By Susan Decker | July 14, 2020

Juul Labs Inc. launched an aggressive legal campaign to halt what it calls a “seemingly endless stream” of black market cartridges for its e-cigarettes.

The vaping company filed a patent-infringement complaint at the U.S. International Trade Commission in Washington, naming more than four dozen companies it says are importing copycat cartridges for the e-cigarettes. It’s seeking a blanket order that would block imports of any unauthorized cartridges.

The complaint — as well as some four-dozen patent-infringement lawsuits filed in federal courts around the U.S. over the past few days — are part of what the San Francisco-based company paints as an effort to curtail sometimes dangerous products. Juul Chief Executive Officer K.C. Crosthwaite has pledged to repair the image of the embattled company, which was at the center of a debate over whether e-cigarettes should exist at all.

“This new ITC action, if successful, would provide the additional public benefit of helping rid the market of unauthorized Juul-compatible products that can be modified by the user, such as empty and refillable pods, or those containing substances such as THC for which the Juul system was not designed,” Juul said in a statement.

Juul has stopped advertising products in the U.S. and halted sales of sweet nicotine flavors that public-health advocates say can attract younger users. The company’s market value has plunged during the controversy over the vaping epidemic. Juul needs to show it’s addressing critics as it prepares to submit an application later this year asking the Food and Drug Administration to let it remain on the market.

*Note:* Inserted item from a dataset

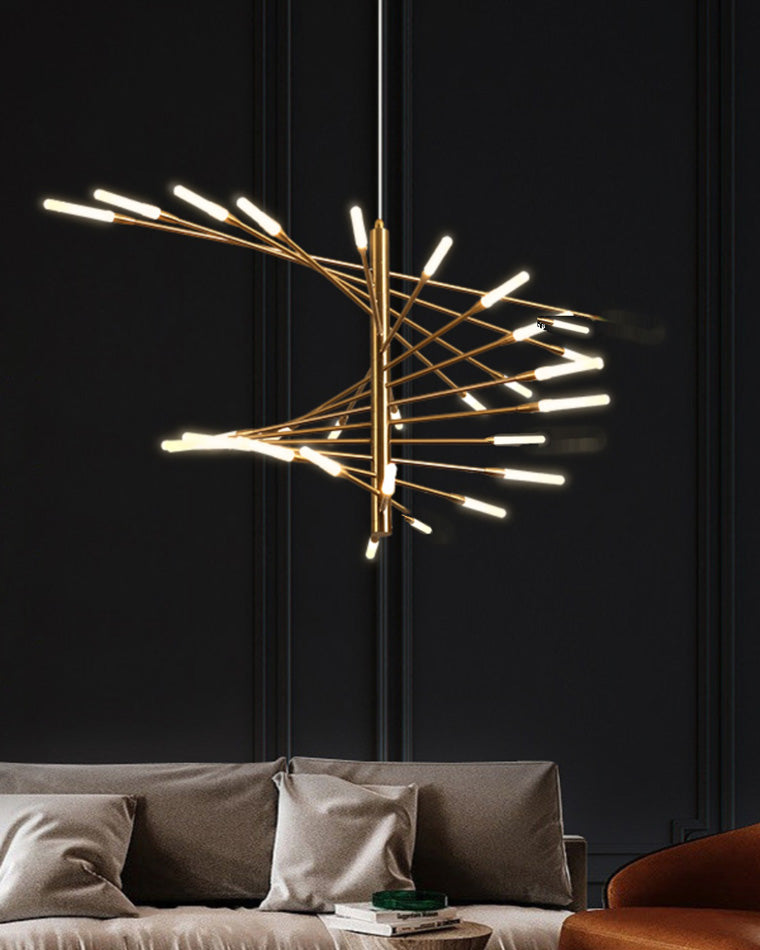 LED Spiral Chandelier - Modern Fireworks Design - Ideal for Living Room & Dining Room Lighting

The legal fight also is about Juul protecting its market share, said Sarah Burstein, a professor who teaches design patent law at the University of Oklahoma.

“‘I want to make the only keys that fit in my locks,’ is what they are saying,” she said. “Most of these will settle quickly. These are the kind of things you file and expect the defendants not to show up and get a default judgment.”

This isn’t the first time Juul has used the trade agency to knock out competitors, though earlier cases involved patented technology on how the e-cigarettes worked. Last year it settled lawsuits by getting companies to leave the market, and won an order blocking imports of companies that refused to settle.

The newest complaint is over what the company calls the “simple, yet distinctive” look of the refill pods that are marketed as “Juul-compatible.” The patented designs cover the rectangular shape, transparent look and cap.

“Seeking to freeride on JLI’s success, numerous infringers have created a seemingly endless stream of infringing copycat products,” Juul said in the ITC complaint, citing “concealed identities, fictitious business names and addresses, and other tactics used to hide the true source.”

The trade commission is an attractive venue when it comes to products, like the compatible pods, that are made overseas. The agency, which typically completes investigations in about 15 months, can order products halted at the border. The type of order Juul is seeking would apply to any pod that can be used with the Juul device that isn’t expressly authorized by the company.

The case is In the Matter of Certain Vapor Cartridges and Components Thereof, 337-3471, U.S. International Trade Commission (Washington)

–With assistance from Angelica LaVito.